Now core strengthening:

So for you, really start with plank holds. You know the drill. Forearms on the ground hips straight for about 30 to 45 seconds. Here is the key, when you get your forearms down, make sure your upper back isn't rounded. Sag inbetween your shoulder blades. This will focus your core to work harder instead of your shoulders. 3 sets of 30 second holds should be good.

Do planks for your side too. When the front plank get's easy. Lift one foot up in the air to increase difficulty. Don't increase time yet.

Exercise 2:
Ab roll outs. So I don't know if you have access to a ab wheel or a barbell but these will also help you keep a neutral spine and work your core without flexion or extension.

Start on your knees then roll straight out, keep your abs braced tight and then roll up. Go 4 sets of 6 to start off.

Exercise 3:
Med ball circuits. So standing perpendicular to a wall, throw a medicine ball against the wall without turning your torso. For track and field we would twist our upper body in order to develop explosiveness in our hips but avoid this. Use your arms to throw and brace your upper body so it doesn't turn. Keep the abs tight, and use your core to prevent your body from turning to much. You can't toss it too soft or else your core won't work. So pick an 8 to 10 pound med ball and give a good toss.

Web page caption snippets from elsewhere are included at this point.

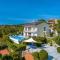 Villa Maelynn Opatija with Heated Pool and Sea View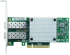 Мрежова LAN карта/адаптер LR-Link LREC9812BF-2SFP+, 10GbE, SFF-8431: 10GSFP+ DAC, PCIе +12V, Win 10, Linux 4 снимка 2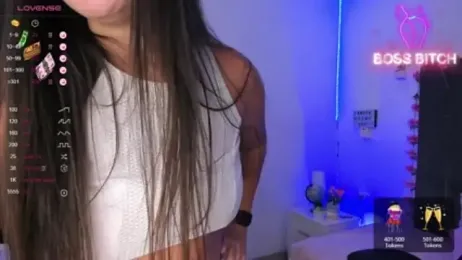 ava_blue webcam model stream image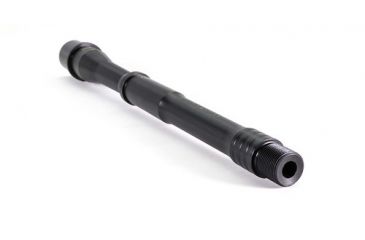Image of Faxon Firearms 300 Gunner Rifle Barrel, Pistol-Length, 4150 QPQ Nitride, Black Nitride, 10.5, 15A38P10NGQ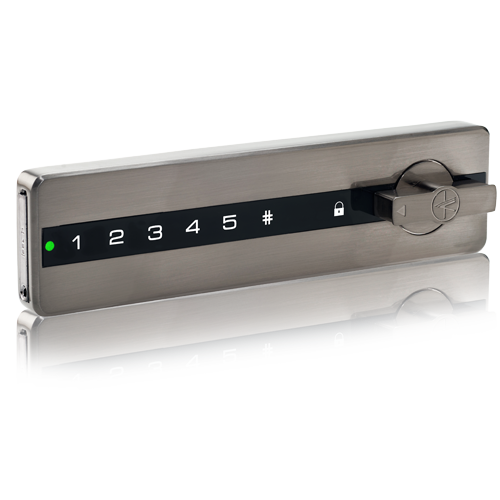 पिन कैबिनेट लॉक एप्लीकेशन: इंटेलिजेंट टर्मिनल डिवाइस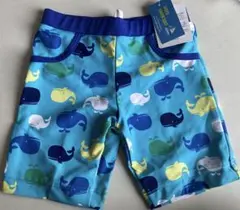 マザウェイズ　水着　新品タグ付き　110cm motherways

Do both left and right sides.

Exercise 4:
This one is a regular pushup. But you are going to be doin it with only one foot on the ground. This doesn't mean the other foot gets to cross over the other one but means its up in the air and balanced. This will help keep your core tight and work it hard. Do 3 to four sets of 10 pushups to start with for each leg on the ground.

Exercise 5:

If you make it to and gym do exercises in a split leg stance. A good one is the standing the cable press. (Chest press from standing) do this in a split leg stance, it will help both increase hip mobility and core strength.

Friend, I hope these exercises will help. Once your core get's stronger and back feels better you can slowly start adding more challenging core work. But with lower back pain, a progressive program is vital!

Dude if you have any open time and we can coordinate our schedules, I know your busy with tons of things, I would love to show you these things at the private training facility down here in renton so that you can do them properly whenever you train your core.
Let me know if you need any more advice, want to check out some reading material on lower back pain, or just need another opinion on it.

Unfortunatley I know how bad it can hurt, especially when you get nerves pinched, remember my back from senior of high school and driving home laying down. Damn you Mr. Smith. So I hope this stuff will help in your back battle. Good luck bud.